From the first line of the records below, transcribe each line exactly up to and including the one with "10 видов стилей"; pictures stay out.
***
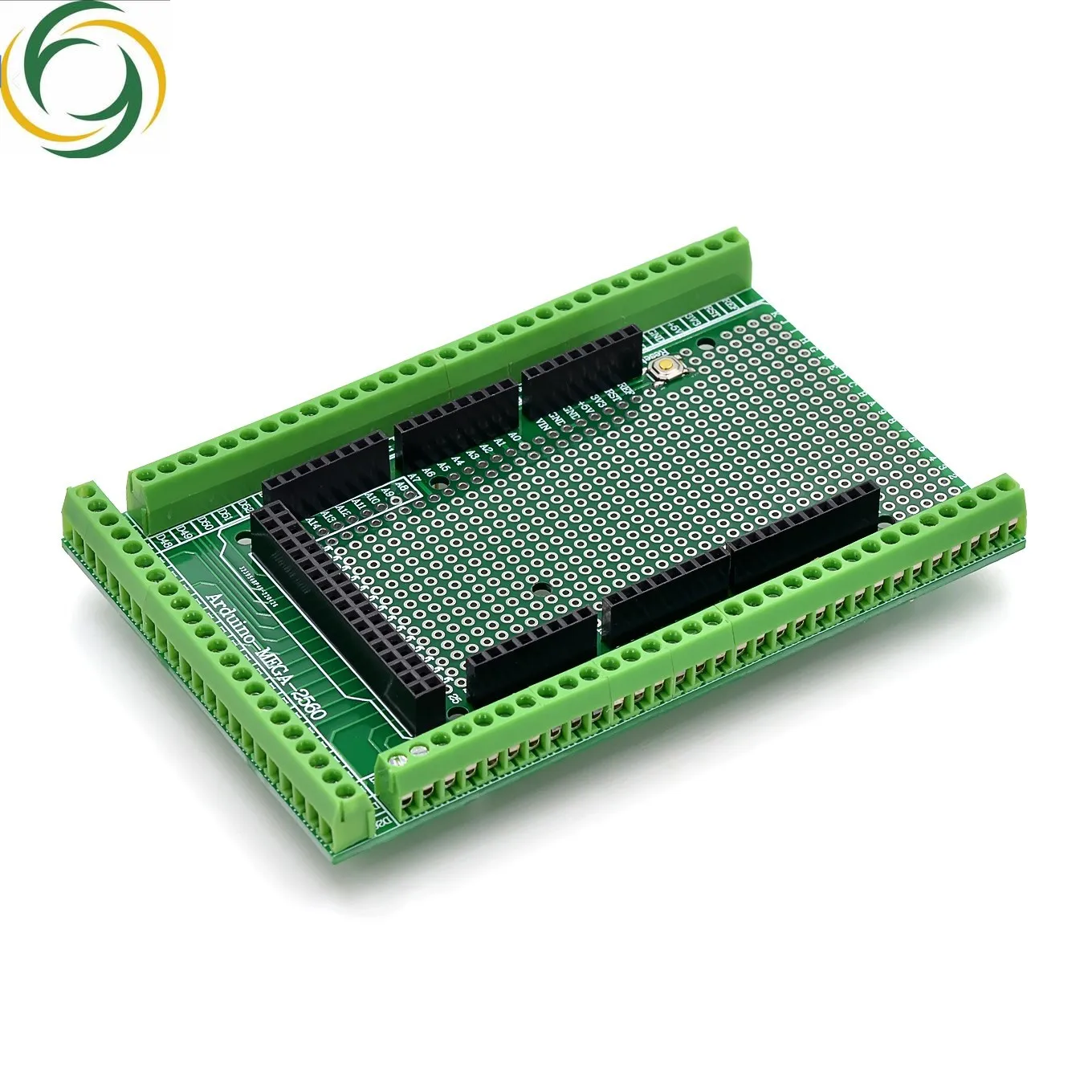 Compatibile con MEGA2560 Kit scheda di schermatura per morsettiera a vite prototipo PCB a doppio lato per Arduino Mega 2560 / Mega2560 R3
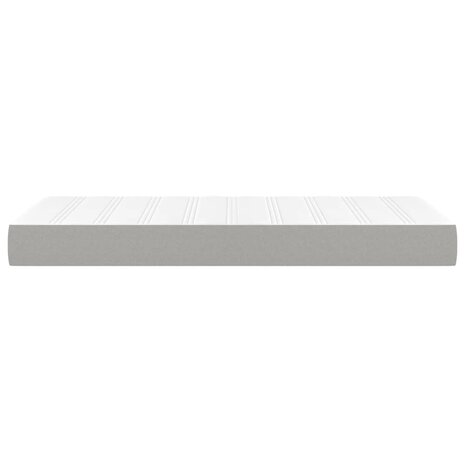 Pocketveringmatras 90x190x20 cm stof lichtgrijs 4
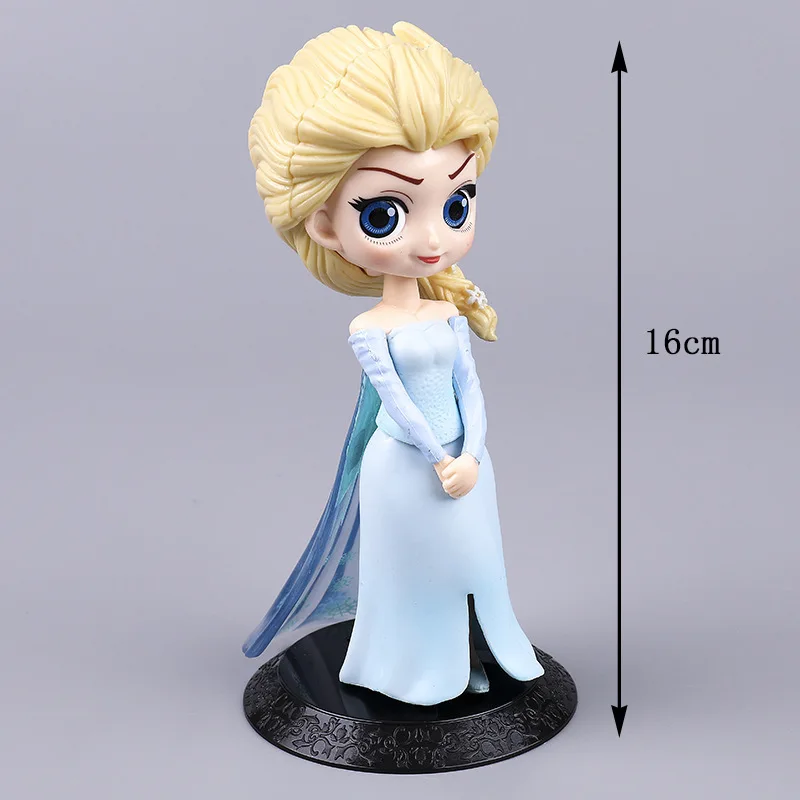 10 видов стилей Q Posket Sophia Snow Queen Эльза и Анна Фигурки игрушки куклы Aurore 17 см ПВХ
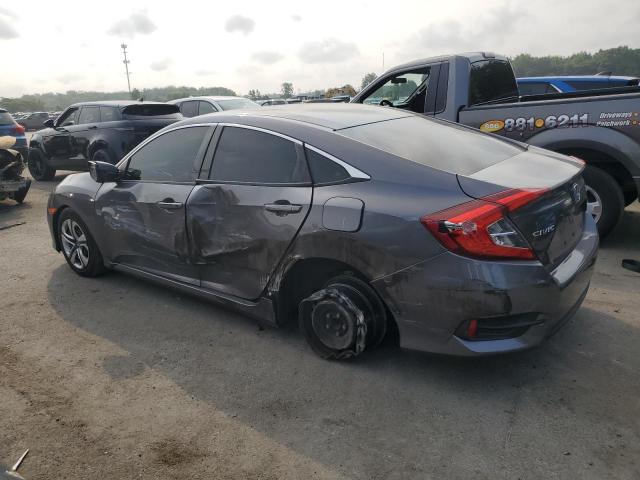 2HGFC2F57JH541920 - 2018 HONDA CIVIC LX GRAY photo 2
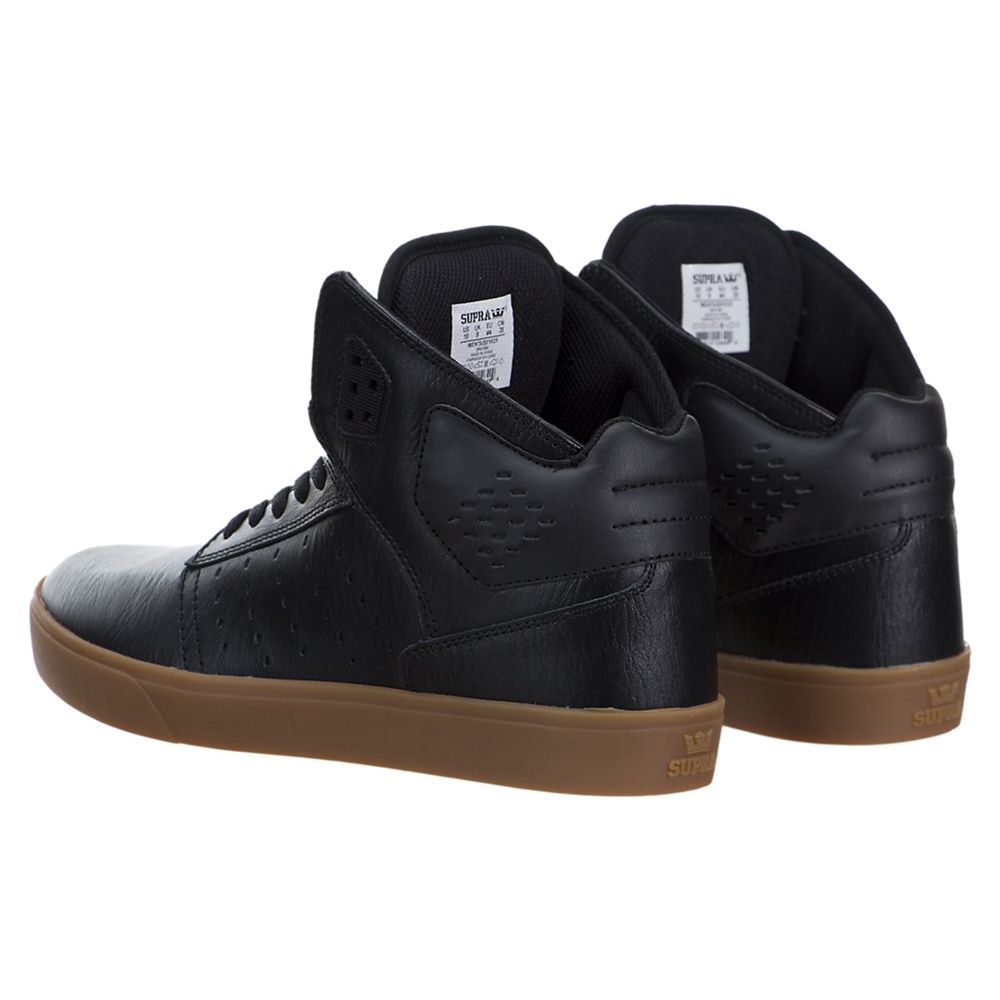 Chaussures de Skate Supra Atom Noir Black/Gum Homme | BLT-74526513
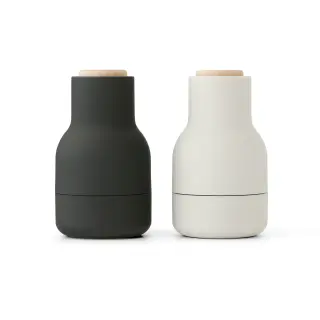 Produktfoto för Audo Copenhagen - Bottle Grinder Small H11,5 Ash/Carbon 2-pack Audo Copenhagen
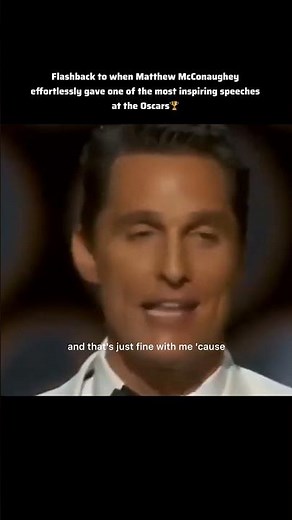 Flashback to when Matthew McConaughey gave one of the most inspiring speeches at the Oscars🏆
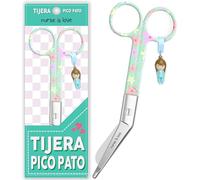 Nurse is Love Tijeras Enfermeria Punta Roma - Tijeras Pico de Pato Enfermeria | Ideal para Porta tijeras, Punta Redonda Profesional, Primeros Auxilios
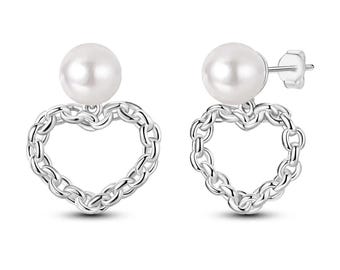 925 Sterling Silver Hoop Stud Earrings | Gold Plated, Crystal Accents, Wedding Jewelry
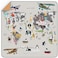 BABYBOET Splat Mat for Baby &ndash; Under High Chair Floor Mat Protects Wood, Vinyl and Carpet from Spills &ndash; Waterproof Triple Layer Baby Mat with Anti-Skid Backing Deters Bunching and Sliding (51&rdquo; x 51&rdquo;.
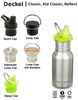 Klean Kanteen Trinkflasche Classic Narrow (Sippy Cap) mit Trinkverschluss aus Edelstahl in der Farbe Weiß mit einem Volumen von 355 ml, 1011205 Bild 2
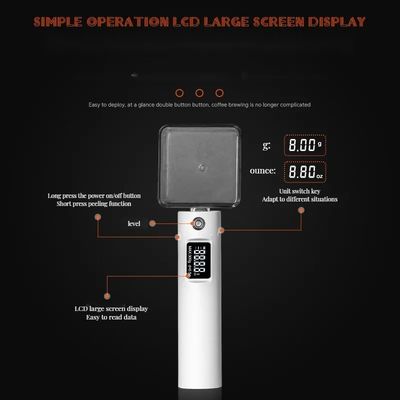 Escala de cuchara de cocina recargable con pantalla LCD redonda para nutrición inteligente y alimentos horneados
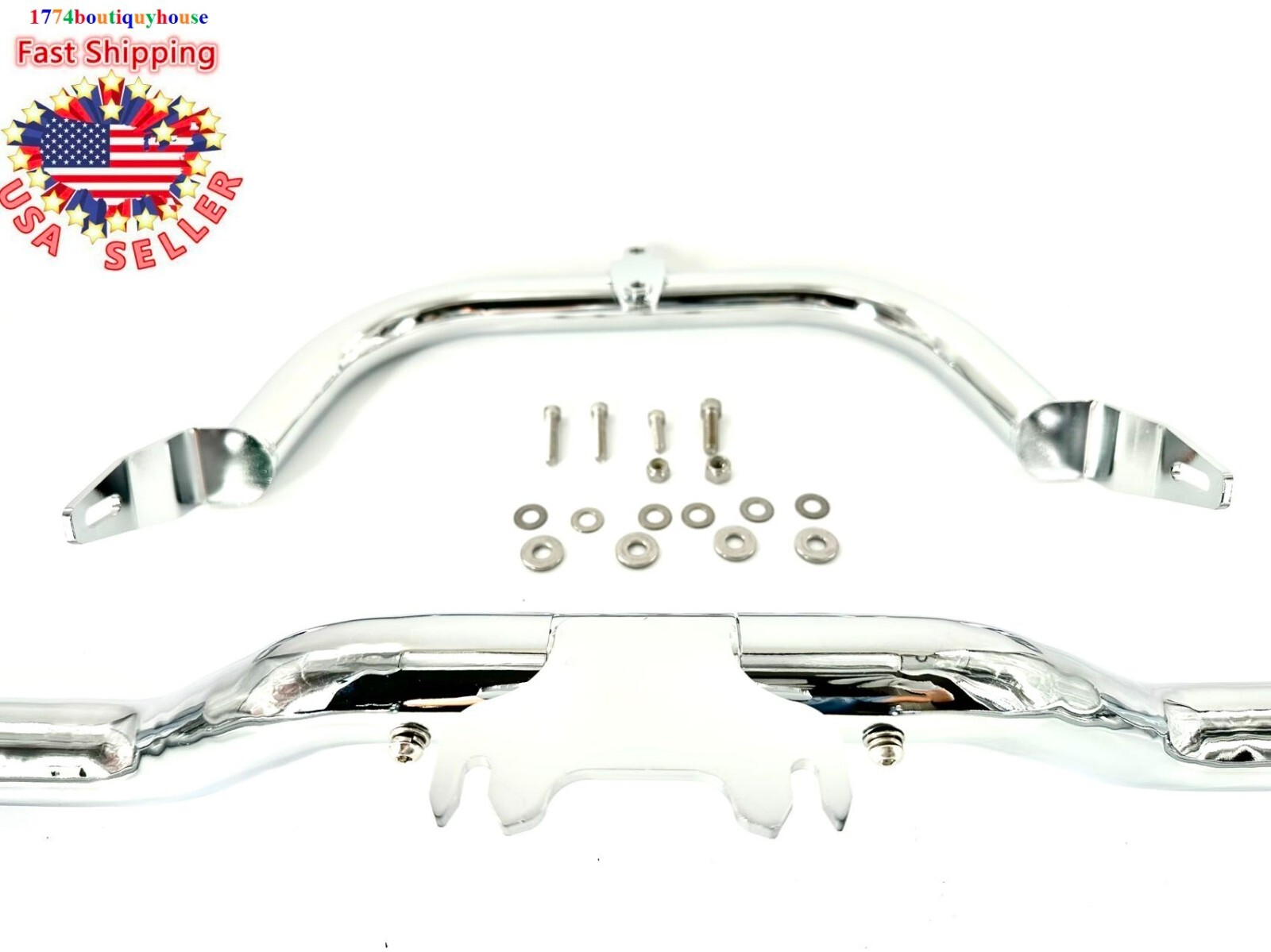 NEW SET Chopped Engine Guard Crash Bar Fairing Support Harley Road Glide 15-2023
***
[Task output]:
 Compatibile con MEGA2560 Kit scheda di schermatura per morsettiera a vite prototipo PCB a doppio lato per Arduino Mega 2560 / Mega2560 R3
 Pocketveringmatras 90x190x20 cm stof lichtgrijs 4
 10 видов стилей Q Posket Sophia Snow Queen Эльза и Анна Фигурки игрушки куклы Aurore 17 см ПВХ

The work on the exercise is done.